And it’s the drinks that are driving the chat.

The cocktail list is divided into three sections: house cocktails, “wine”, and no-brainers, and there’s interesting drinking to be had in each section.

Under the house cocktails, you’ll find pearlers like the Haymarket (vodka, Thai basil, lime leaf, ginger, sichuan, lemongrass, ume) inspired by Sydney’s Chinatown, the Hall Street Fizz (rum, matcha, mangosteen, coconut oil, fermented oats).

The remarkable thing, however, is that you’re receiving these complex drinks, that have layer after layer of flavour, in such quick time — it’s a welcome antidote to the bars in which you’ll wait 10 or 15 minutes for your drink to appear.
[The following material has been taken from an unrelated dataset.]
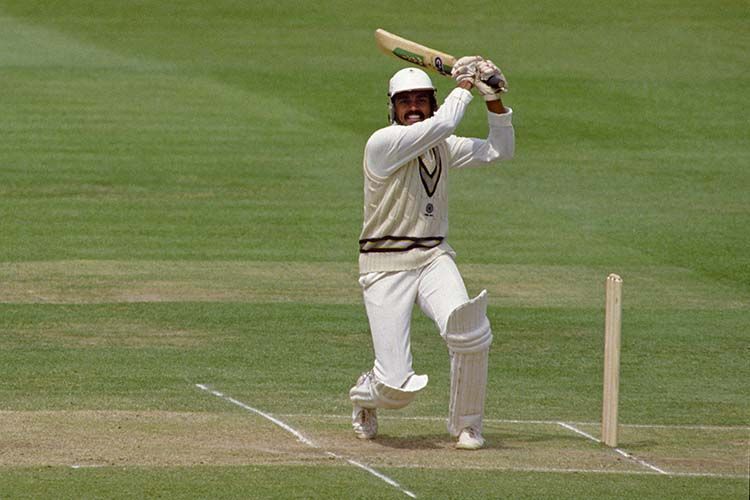 Dilip Vengsarkar played some delightful shots at the Feroz Shah Kotla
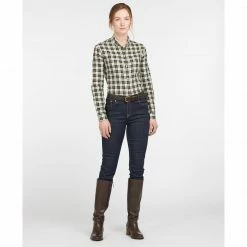 Outlet 🛒 Barbour 👩 Women's Stanton 👚 Shirt 👚 Shirts & Tops ⭐ 13 Barbour Women's Stanton Shirt Shirts & Tops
It’s not that there isn’t a lot of technique applied to these drinks, it’s just that — like with the fermented fruit wines — the work is done in advance.

“We do all the weird shit behind the scenes, so when we put it in a glass it looks like a normal glass, if not sometimes more basic than others because we don’t garnish that much,” Whiley says. “We just serve what is tasty and in season.”

Three fruit wines were on when we visited and included a banana wine, melon wine, and a blackberry wine; Whiley and the team put a lot of work into these, and when they’re gone they’re gone — some of them have been left to ferment for two months, and it’s not the sort of thing you can whip up another batch of at a moment’s notice.

The space itself is dark, with black on the walls and moody dark green tables, which draws our attention to the bar top itself.

Our best advice is to grab one of the five or six seats at the bar itself, where you can get your utter bar geek on and admire the flat bar set up with everything placed just so, within an easy grasp — it’s a sight to behold.